I bet that is a great place to volunteer. Those pictures are great. I bet it is hard as ever to release them.


----------



## RowdyKidz (Apr 2, 2009)

Cute! I love baby animals!


----------



## liz (Oct 5, 2007)

Awww!
Besides goaties my favorite critter of all is the raccoon! I have a serious problem with collecting figurines and statues of them.lol
And yes, those little bandits are quite noisy, my cousin had raised a few orphans, loveable little things but they are still wild animals.
You have a wonderful way to spend your extra time....and I can't think of a better way to do so!


----------



## cdtrum (Aug 25, 2008)

It is sooooo cool that you get to do this.......what a great way to spend a day every week:greengrin: !
I would want to take them all home!


----------



## Epona142 (May 26, 2008)

Awww! Brings back memories, that does. Our rescue was geared more towards exotics that people thought would make good "pets" but we often got young animals, especially when someone orders a tiger cub and decides they can't bottle feed it every two hours . . . :roll: 

Good on you and enjoy, these are the things that make memories for a lifetime.


----------



## keren (Oct 26, 2008)

oh - oh - oh - can I have one? Please ... PRETTY PLEASE ... with strawberries, whipped cream and a cherry on top?


----------



## PACE (Oct 8, 2007)

Hehe thanks for the comments everyone  

Liz, you must have such an adorable collection. Raccoons are certainly characters, and they are also such individuals.

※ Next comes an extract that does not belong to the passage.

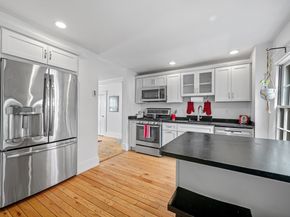 15 River St, Salem MA 01970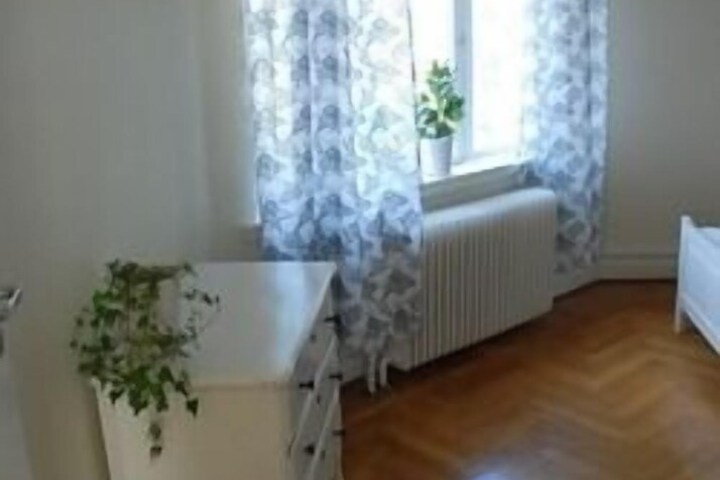 Room 4 of 57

Epona, that is so neat! It would be best, of course, if people would be sensible then there would be no need for all these rescues, but raising tiger cubs! Amazing!


----------



## Jenna (Jan 7, 2009)

that coyote is so cute!!


----------



## greatcashmeres (Jul 13, 2008)

Wonderful pics and what you're doing. It must be so fun and interesting! Thanks for sharing. :thumbup:


----------